Navimow
- Company type: Private
- Industry: Robotics
- Founded: September 2021
- Headquarters: Beijing
- Area served: Worldwide
- Key people: George Ren (CEO)
- Products: Robotic lawn mowers
- Owner: Segway
- Website: navimow.com

= Navimow =

Robotic lawnmower manufacturer

Segway Navimow, often simply known as Navimow, is a robotic lawnmower manufacturer founded in 2021. As of mid-2025, its main products include the H-Series, i-Series, and X3-Series robot lawn mowers. The H500E is one of its earliest models, and the i105N is a representative product of the brand. It developed a technology called EFLS. In addition, it also owns and operates the Navimow app.

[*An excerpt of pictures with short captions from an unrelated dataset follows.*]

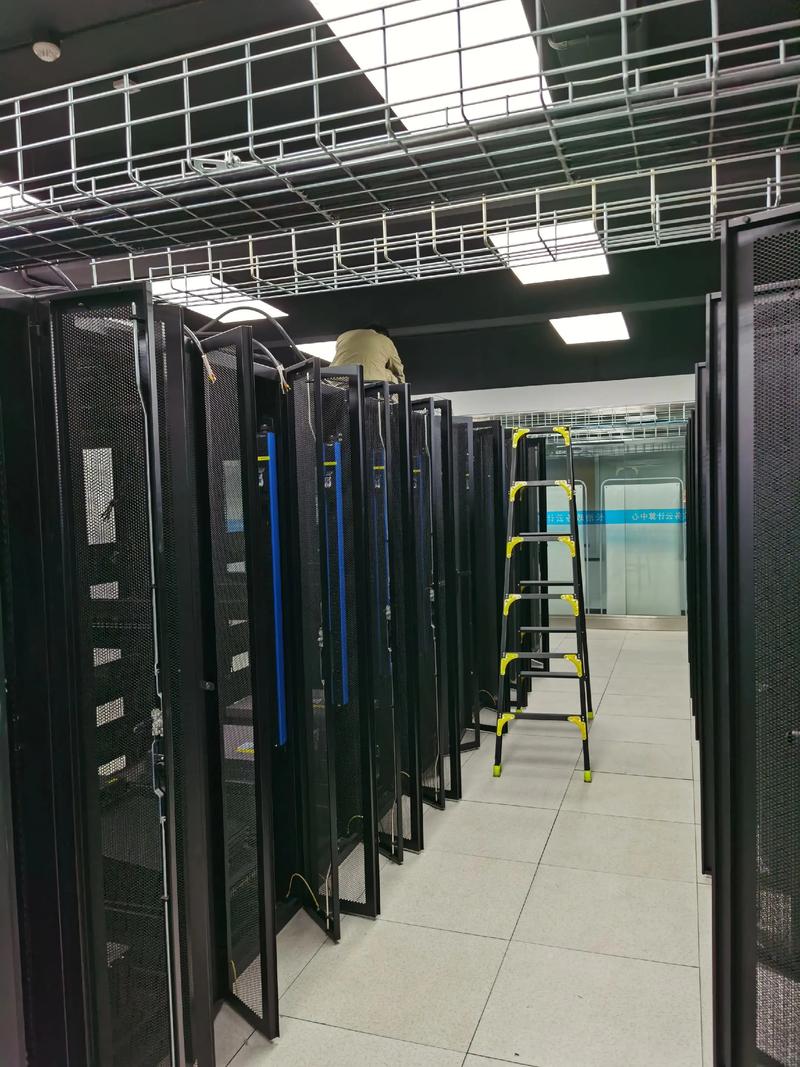 智能化弱電工程助力機(jī)房改造，一周攻堅(jiān)成效顯著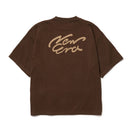 半袖 オーバーサイズド コットン Tシャツ Handwritten Logo ウォルナット - 14410074 - S | NEW ERA ニューエラ公式オンラインストア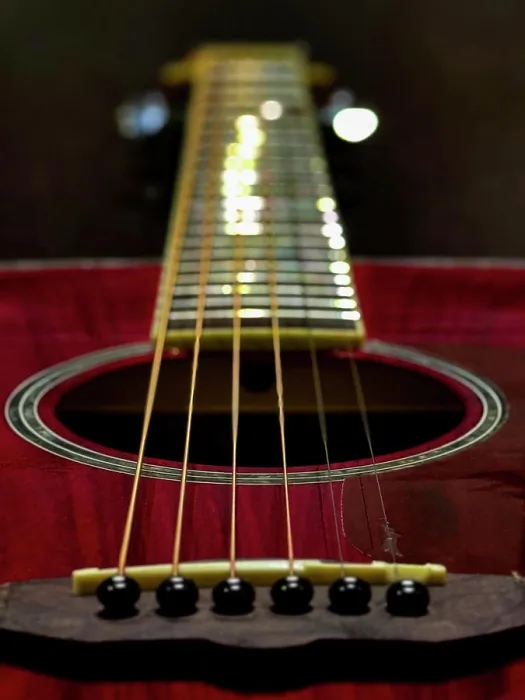 Framed Print : Saiten des Lichts: Der Seelen-Highway Acoustic guitar captured from bridge to neck Framed Print : Saiten des Lichts: Der Seelen-Highway Acoustic guitar captured from bridge to neck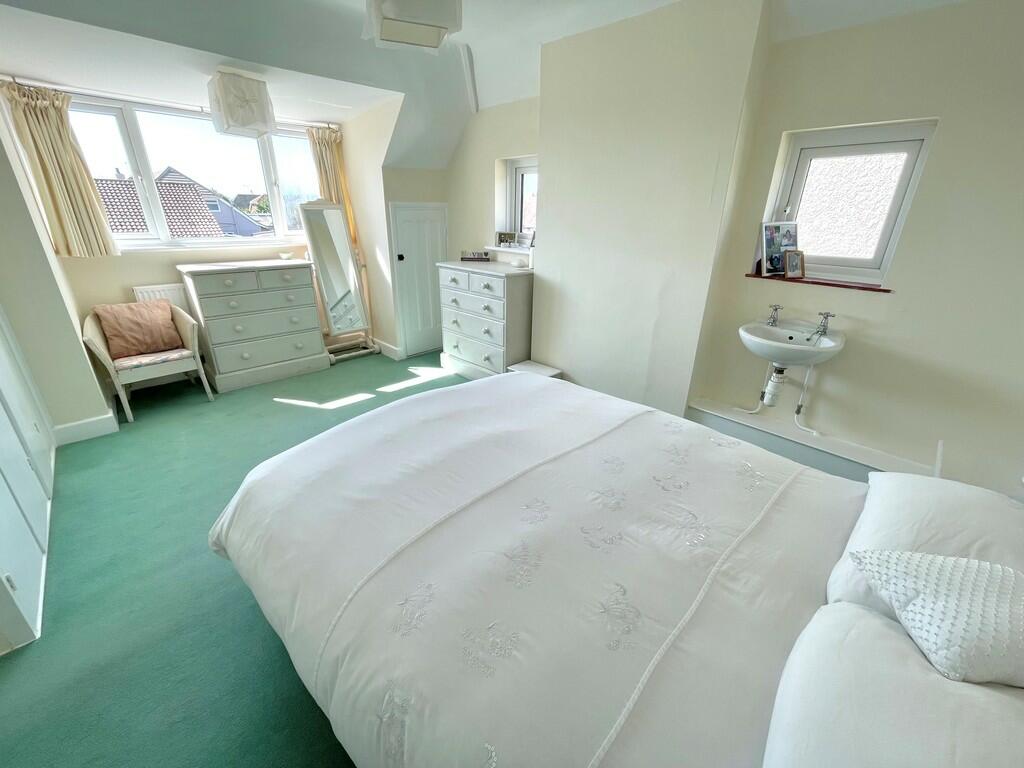 2 Cudlow Ave Bed ...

The brand specializes in the manufacture of robomowers. The products of Navimow are available in the U.S., Germany, and France, among others. The brand's robotic mowers use GPS navigation systems to operate on lawns. Its self-guided mowers can handle mowing tasks on preset schedules. In March 2024, its i-Series products were introduced in Europe.
==History==
Navimow was first launched by Segway Ninebot on September 2, 2021 in Beijing. In 2022, the brand launched the H-Series. In the same year, it entered the European market. In January 2024, it participated in the CES Show.

In March 2024, Navimow rolled out the Navimow i cordless robotic mowers. In January 2025, the brand showcased the X3 Series at CES 2025. In the spring of the same year, the X3 Series went on sale.